Data extracted from a collection
--------

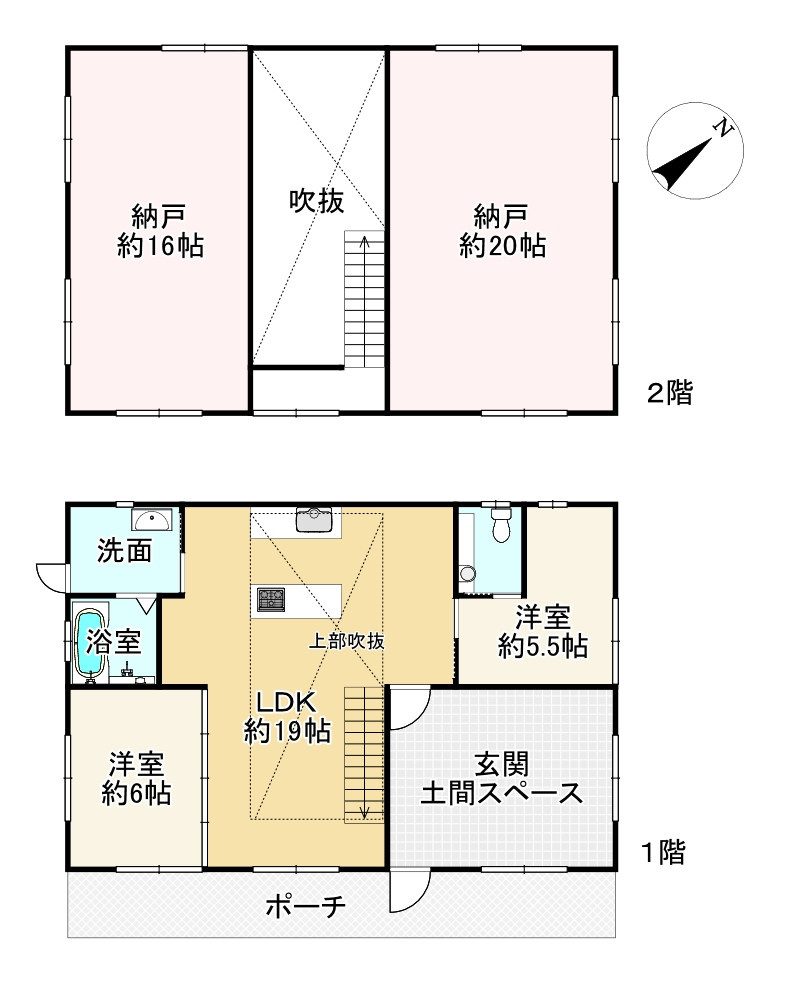 野洲市上屋　中古戸建の間取り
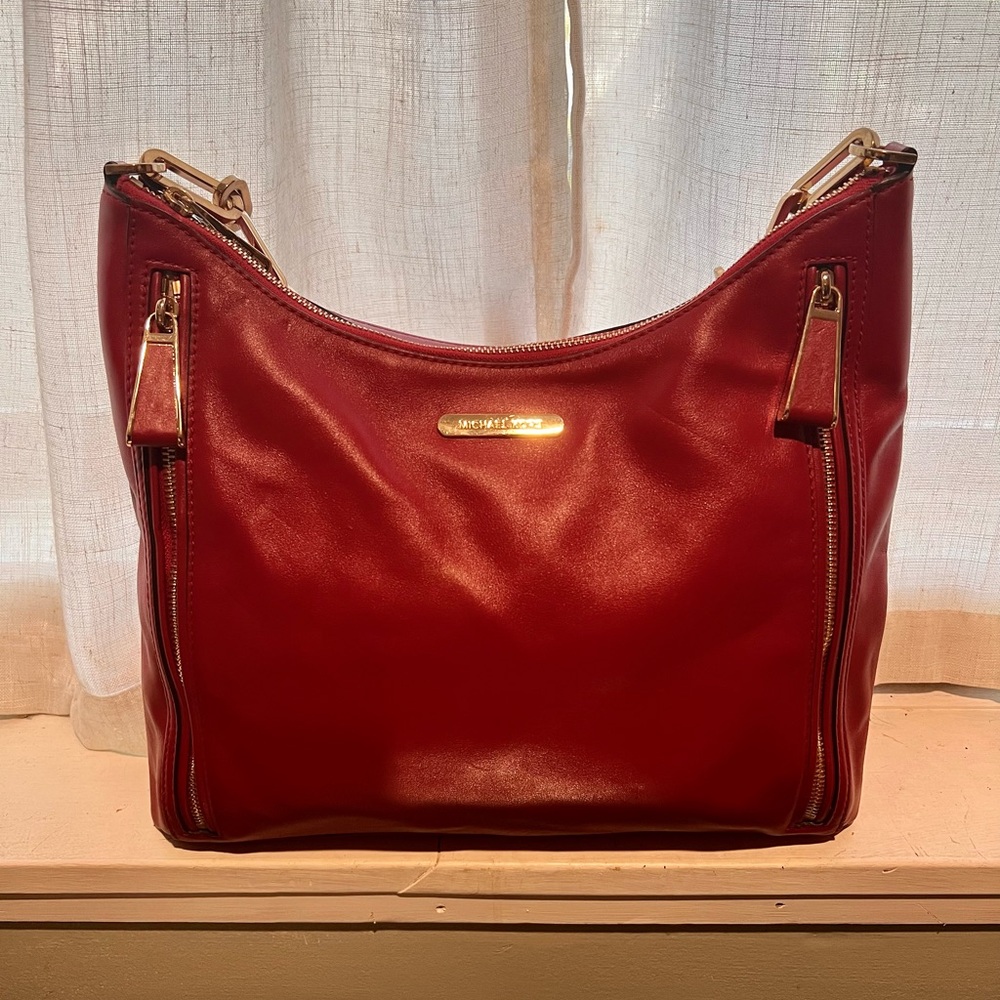 Michael Kors Red Leather Shoulder Bag with Gold Hardware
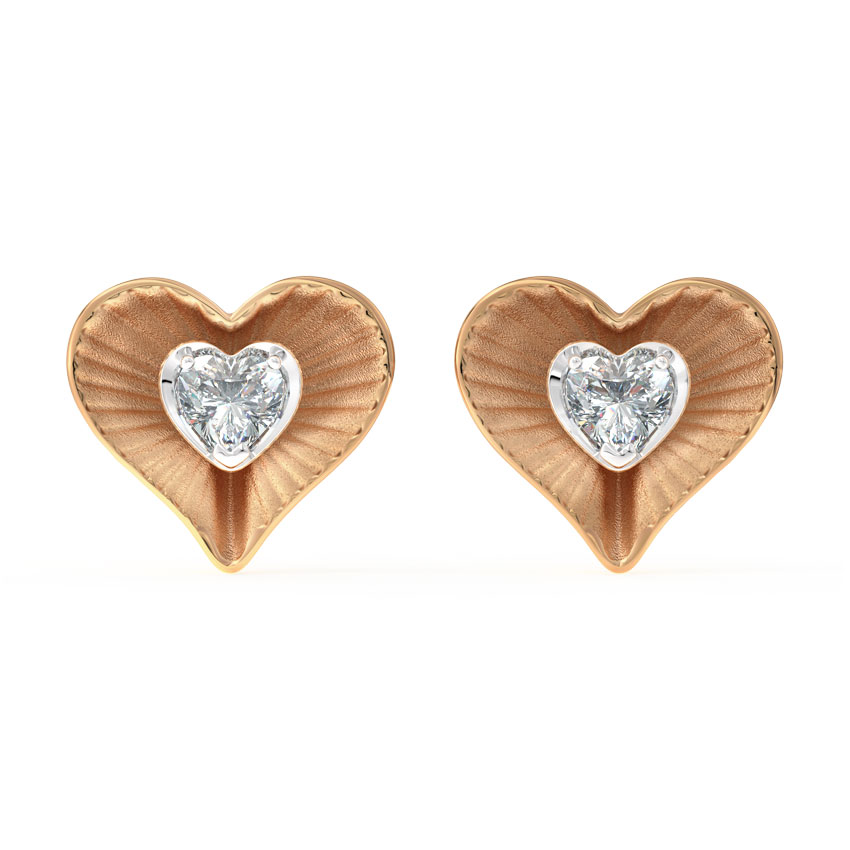 Heart Diamond Stud Earrings Heart Diamond Stud Earrings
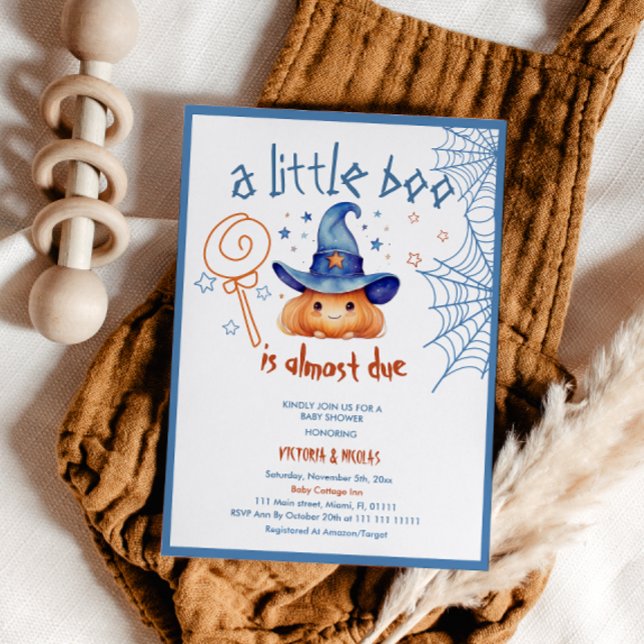 Halloween Baby Boy Shower Pumpkin Invitation (Creator Uploaded)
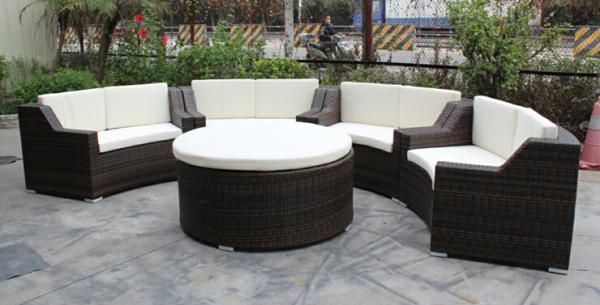 5 piece -Hotel conference room meeting chairs with rattan round ottoman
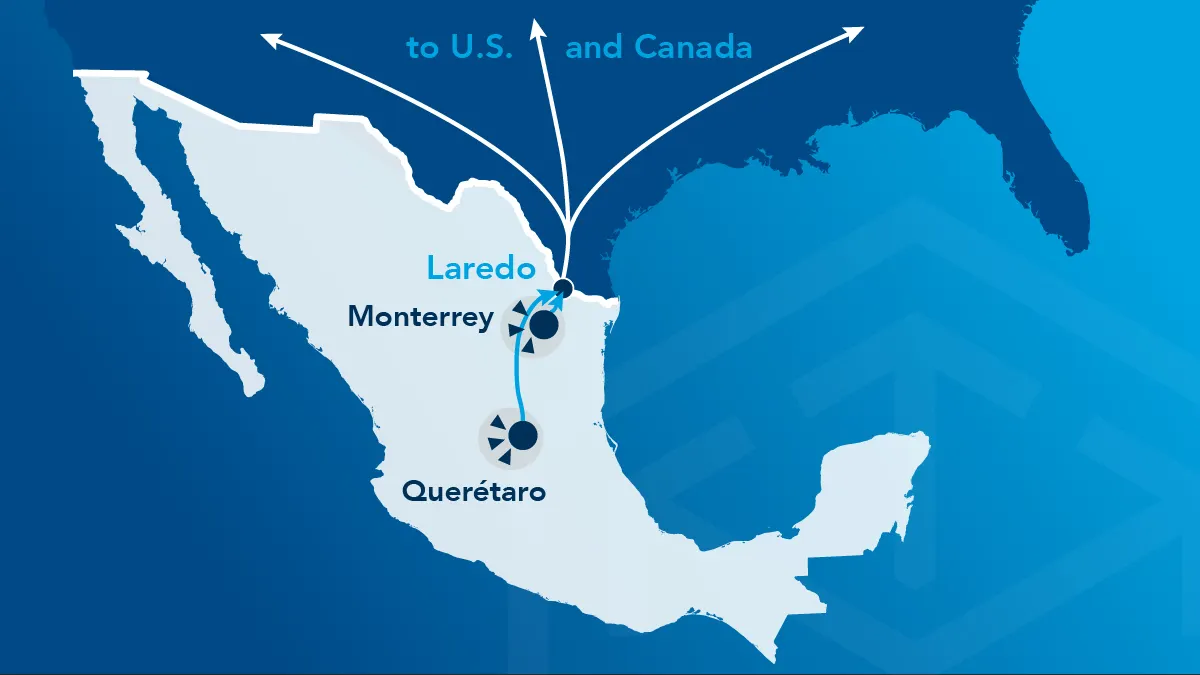 A cross-border map from Mexico to the U.S. and Canada.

--------

▸ Task to carry out: Omitting all images, retype each line of the records precisely.

▸ Task response:
 野洲市上屋　中古戸建の間取り
 Michael Kors Red Leather Shoulder Bag with Gold Hardware
 Heart Diamond Stud Earrings Heart Diamond Stud Earrings
 Halloween Baby Boy Shower Pumpkin Invitation (Creator Uploaded)
 5 piece -Hotel conference room meeting chairs with rattan round ottoman
 A cross-border map from Mexico to the U.S. and Canada.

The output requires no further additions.